STARS AND MOVIE CULTURE IN THE 1920s

Even before American companies began actively promoting their actors by name around 1910, audiences had demonstrated their preference for particular performers, resulting in such favorites as the Biograph Girl (Florence Lawrence) and the Vitagraph Girl (Florence Turner). Initially, stars were known only for their onscreen personae, so that the actor's (first) name became synonymous with his or her characterizations. Such was the case with the two preeminent stars of the 1910s, Mary Pickford (1892–1979) and Charlie Chaplin (1889–1977). Before the star system could reach its mature stage, knowledge of the stars' off-screen lives also needed to become available to eager fans. Fan magazines, of which Photoplay was the first to appear in 1912, supplied this information, though the true source for most such promotional material was the studios themselves. Not surprisingly, given the centrality of stars to the success of Hollywood features, the star system developed in tandem with the industry. Pickford had proven instrumental to Zukor's early success with features and functioned as the carrot to go with the stick of block booking. The undeniable pull the top-rank stars exerted at the box office placed them at the center of publicity campaigns and pushed salaries ever higher, with the average weekly paycheck quadrupling in the period between 1916 and 1926. The most powerful stars saw their power extend beyond monetary rewards: in the most celebrated instance of stars laying claim to control over their careers, Pickford, Chaplin, and Douglas Fairbanks (1883–1939) (in collaboration with the famous director D. W. Griffith [1875–1948]) formed United Artists in 1919 as a distribution outlet for their productions. Each of these stars would command yearly salaries in excess of $1 million by the 1920s.

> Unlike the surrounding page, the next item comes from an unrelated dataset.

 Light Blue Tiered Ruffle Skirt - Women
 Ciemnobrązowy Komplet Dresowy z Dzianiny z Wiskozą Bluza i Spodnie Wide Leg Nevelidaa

It is no coincidence that the star system emerged at the same time as motion picture production was shifting its central operations from the East Coast to the West. The ongoing relocation of film personnel to the Los Angeles area facilitated the identification of movie-star lifestyles with the geographical (and symbolic) site of Hollywood. Hollywood thus became synonymous with a particular lifestyle; it was not simply where movies were made, but where those who made movies chose to live. Moreover, that life assumed a special quality reinforced by the physical separation of movie stars from the rest of the United States. As denizens of a distinct colony, stars were expected to lead lives that justified the coverage they received in fan magazines and that would stimulate the longings of admiring, even envious, fans. In this way stars became synonymous with a type of conspicuous consumption, endemic to the years of unbridled economic growth in the United States during the 1920s. As their salaries grew, and their possessions and homes became more luxurious, movie stars came to epitomize a fantasy of wealth and choice. They functioned simultaneously as a realization of the American Dream—the boy or girl next door rising to fame and fortune—and an impossible ideal—larger-than-life figures living an existence only a rarefied few could ever enjoy. Their film roles would often mirror this duality, with many narratives of the 1910s and 1920s placing stars within two favored scenarios: either the star is wealthy at the outset, but shows himself/herself to be possessed of values that equate him/her with the common people; or, the star gains wealth by the film's conclusion, ideally by meeting the perfect (and perfectly wealthy) mate, but never sacrificing him/her principles in the process of attracting a rich suitor.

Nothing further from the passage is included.